WHAT YOU ARE ASKED TO DO: Repeat only the lines from the one containing "Immunohistochemistry of paraffin-embedded mouse" to the final line below, exactly as they read, and leave every picture out.
____________
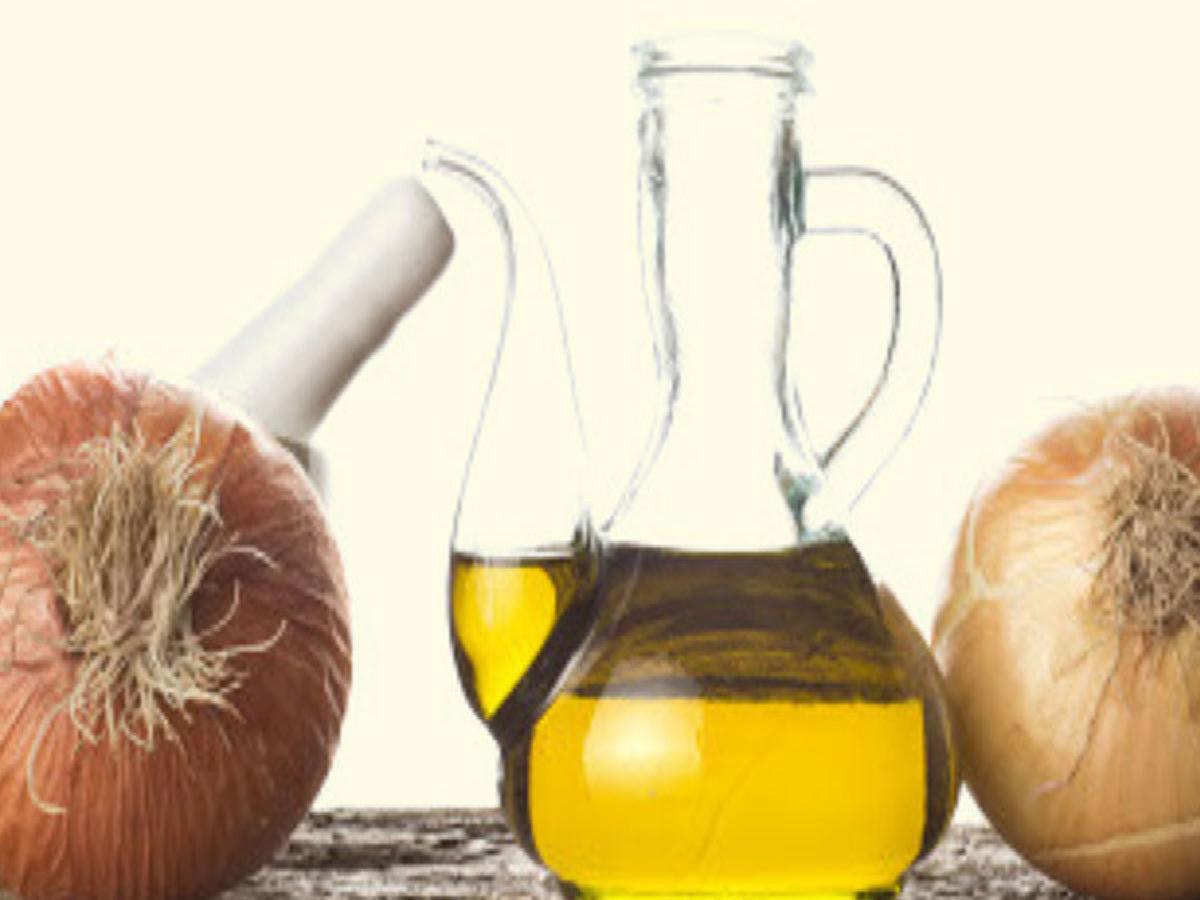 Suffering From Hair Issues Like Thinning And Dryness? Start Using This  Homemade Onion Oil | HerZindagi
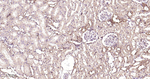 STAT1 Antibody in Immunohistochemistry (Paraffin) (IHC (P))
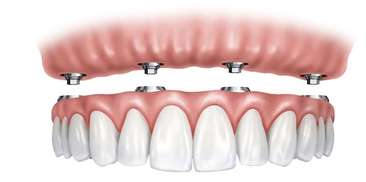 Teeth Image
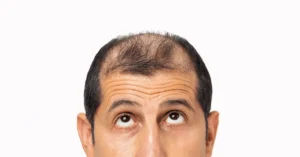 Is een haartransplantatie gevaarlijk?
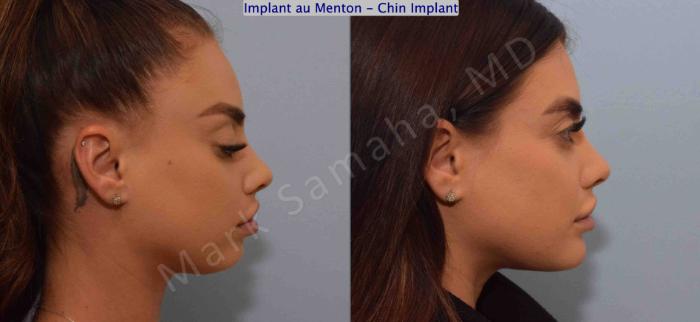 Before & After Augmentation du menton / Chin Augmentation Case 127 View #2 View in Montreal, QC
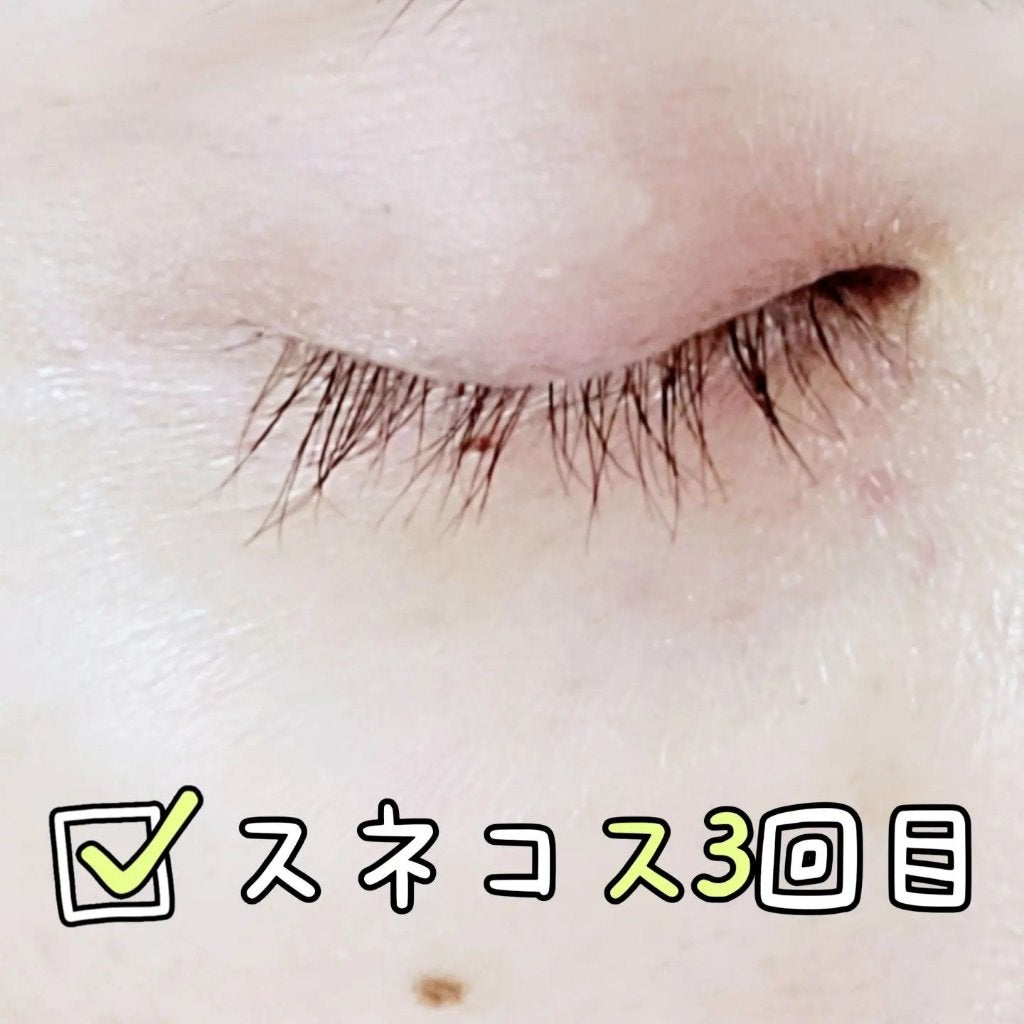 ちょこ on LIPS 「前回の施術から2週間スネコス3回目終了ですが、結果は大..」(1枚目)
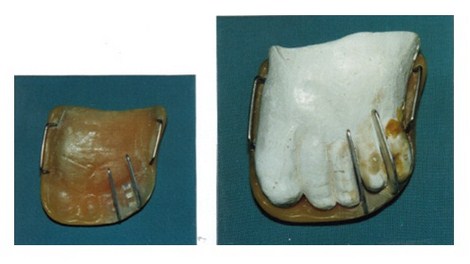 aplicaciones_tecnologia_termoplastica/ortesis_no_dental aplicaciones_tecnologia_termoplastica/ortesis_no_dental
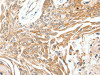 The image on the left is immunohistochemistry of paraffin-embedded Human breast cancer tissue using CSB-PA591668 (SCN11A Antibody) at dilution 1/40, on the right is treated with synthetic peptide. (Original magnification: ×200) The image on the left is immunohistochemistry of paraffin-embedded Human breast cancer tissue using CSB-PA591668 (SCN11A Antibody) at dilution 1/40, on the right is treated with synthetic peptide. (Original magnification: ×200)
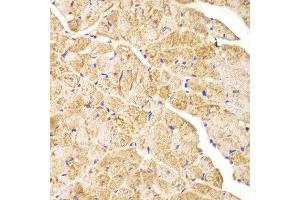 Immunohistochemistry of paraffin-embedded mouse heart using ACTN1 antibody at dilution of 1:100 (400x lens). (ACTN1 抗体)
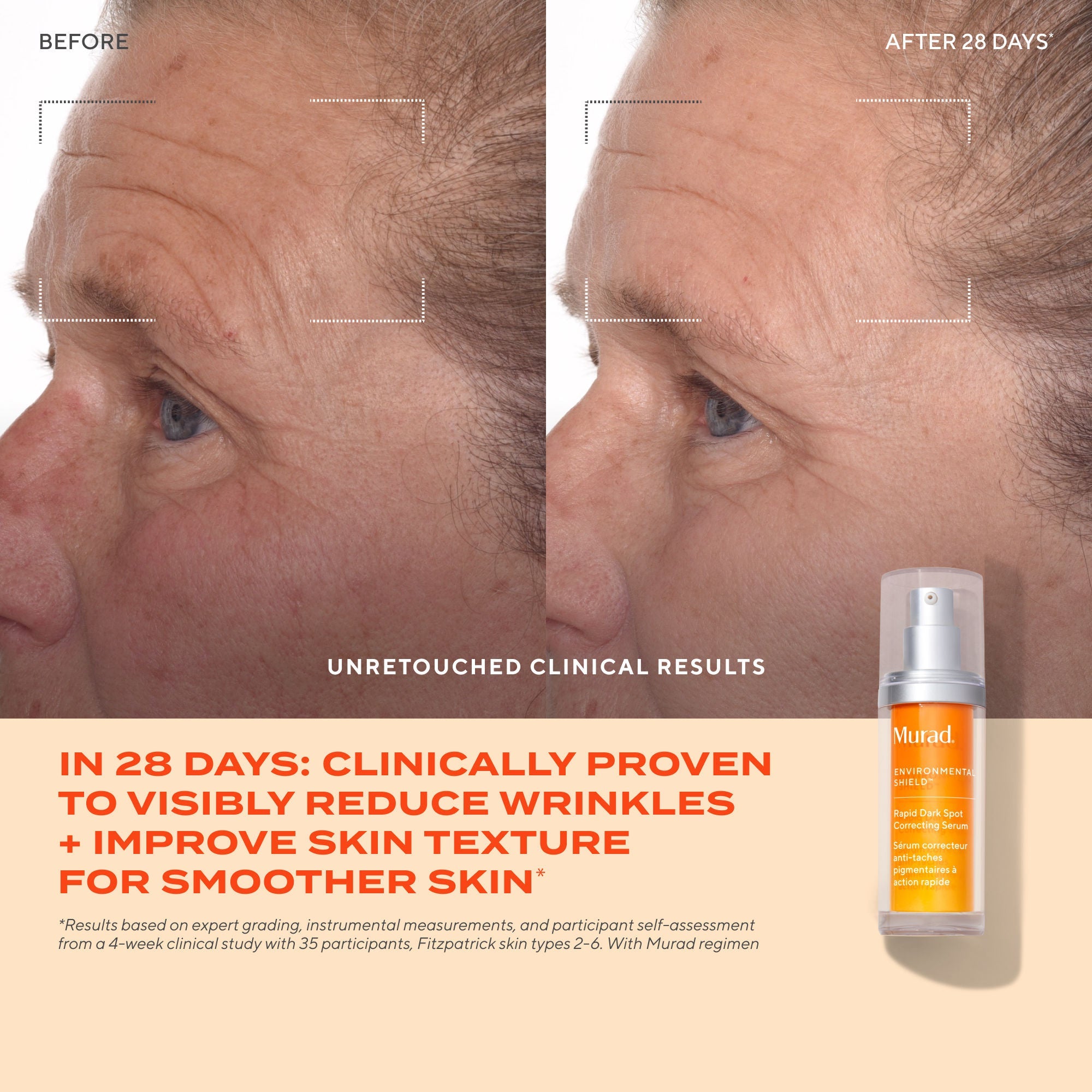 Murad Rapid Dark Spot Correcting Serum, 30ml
____________
EXERCISE SOLUTION:
 Immunohistochemistry of paraffin-embedded mouse heart using ACTN1 antibody at dilution of 1:100 (400x lens). (ACTN1 抗体)
 Murad Rapid Dark Spot Correcting Serum, 30ml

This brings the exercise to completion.